Amor y confianza son por lo tanto las alas con que el alma se lanza a los más audaces vuelos y se remonta victoriosa sobre todas las cimas. Si la confianza disminuye, también el amor languidece y el alma se arrastra. En efecto, el mayor obstáculo a las operaciones divinas en el alma es, justamente con la búsqueda de uno mismo, la desconfianza.

Ordinariamente, si falta la confianza en Dios, es por la excesiva confianza en nosotros mismos. Entonces el alma, experimentando la propia impotencia para el bien, se aflige con exceso, dando lugar a la turbación; y debiera ocurrir todo lo contrario: si el niño tiene derecho a ser sostenido por su madre ¿no es acaso por su innata debilidad? Lo mismo acontece en el campo del espíritu. Nuestra extrema debilidad es la que nos da derecho a contar con la fortaleza divina; nuestras innumerables miserias son las que nos atraen las ternuras del Corazón de Jesús. Es éste un punto importante en la lucha por la santidad: hacer de todas nuestras faltas, más o menos voluntarias, como un punto de apoyo para levantar más en alto la confianza.

Un amor que desconfía, no es amor, sino temor; y toda angustia causada por la desconfianza no honra, sino hiere al Corazón de Dios. Por eso la frase: Honra a Dios con tu confianza, la encontramos repetida tantas veces por el Divino Padre o por Jesús a Sor Consolata. Un día (17 de septiembre de 1935) Sor Consolata hablaba confidencialmente con Jesús: “Jesús, el que hables a mi propia alma y te dignes enseñarla, debiera causar gran gozo a mi corazón, y en cambio me veo obligada a permanecer como indiferente porque mi miseria es muy grande y nada puede atraer sobre mí Tu divina mirada. Al darme cuenta de ello, nace en mí, a veces, la duda ¿no seré acaso una gran ilusa?… Jesús, perdóname; sí, creo que tú eres la bondad infinita”. A lo que Jesús contestó: Mira, Consolata, tus miserias tienen un límite, pero mi amor no tiene límites. Algunos días después (19 de septiembre de 1935): “Jesús que Tú ames los lirios cándidos e inmaculados, lo creo; pero que me ames a mí… no puedo comprenderlo. A lo que dijo Jesús: Si piensas que no he venido por los justos, sino por los pecadores, lo comprenderás al momento, Consolata” (Cfr. Mt 9, 13).

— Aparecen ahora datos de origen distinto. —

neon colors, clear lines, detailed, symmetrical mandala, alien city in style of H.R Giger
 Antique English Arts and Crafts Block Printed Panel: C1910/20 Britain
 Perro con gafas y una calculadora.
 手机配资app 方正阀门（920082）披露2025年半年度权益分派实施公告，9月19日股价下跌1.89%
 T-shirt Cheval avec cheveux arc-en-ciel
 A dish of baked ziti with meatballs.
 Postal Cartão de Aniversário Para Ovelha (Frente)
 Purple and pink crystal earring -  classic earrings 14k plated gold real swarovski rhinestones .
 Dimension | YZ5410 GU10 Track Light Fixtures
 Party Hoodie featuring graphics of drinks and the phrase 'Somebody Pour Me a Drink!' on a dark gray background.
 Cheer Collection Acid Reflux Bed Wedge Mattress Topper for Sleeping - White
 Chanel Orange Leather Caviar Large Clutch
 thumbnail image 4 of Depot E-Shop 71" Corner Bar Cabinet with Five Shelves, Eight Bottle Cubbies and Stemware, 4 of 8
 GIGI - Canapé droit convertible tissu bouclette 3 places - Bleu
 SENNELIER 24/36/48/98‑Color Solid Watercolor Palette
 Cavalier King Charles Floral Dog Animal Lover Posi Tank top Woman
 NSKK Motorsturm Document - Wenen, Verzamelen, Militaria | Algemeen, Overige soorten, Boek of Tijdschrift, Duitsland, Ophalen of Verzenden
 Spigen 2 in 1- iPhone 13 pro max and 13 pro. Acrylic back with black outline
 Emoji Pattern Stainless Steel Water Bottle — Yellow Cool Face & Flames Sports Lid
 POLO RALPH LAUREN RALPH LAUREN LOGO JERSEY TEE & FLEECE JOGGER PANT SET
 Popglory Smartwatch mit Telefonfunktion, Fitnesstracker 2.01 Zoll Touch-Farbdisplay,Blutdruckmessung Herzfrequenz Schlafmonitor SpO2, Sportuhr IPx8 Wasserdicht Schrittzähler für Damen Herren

“Una tarde -escribe ella- me encontraba desolada y exclamé delante del santo tabernáculo: Oh Jesús, soy siempre la misma, prometo y luego… También yo soy siempre el mismo, no cambio jamás. Pero me lo dijo en un tono, que mi debilidad se trocó en alegría: si Él no se afligía ¿por qué afligirme yo?”. De aquí que Jesús no le permitiese nunca replegarse en sus propias faltas (2 de noviembre de 1935): Cuando te acaezca cometer una falta cualquiera no te entristezcas, ven, deposítala al momento en mi corazón y refuerza el propósito de la virtud opuesta, pero con toda calma. Así toda tu falta será un paso adelante.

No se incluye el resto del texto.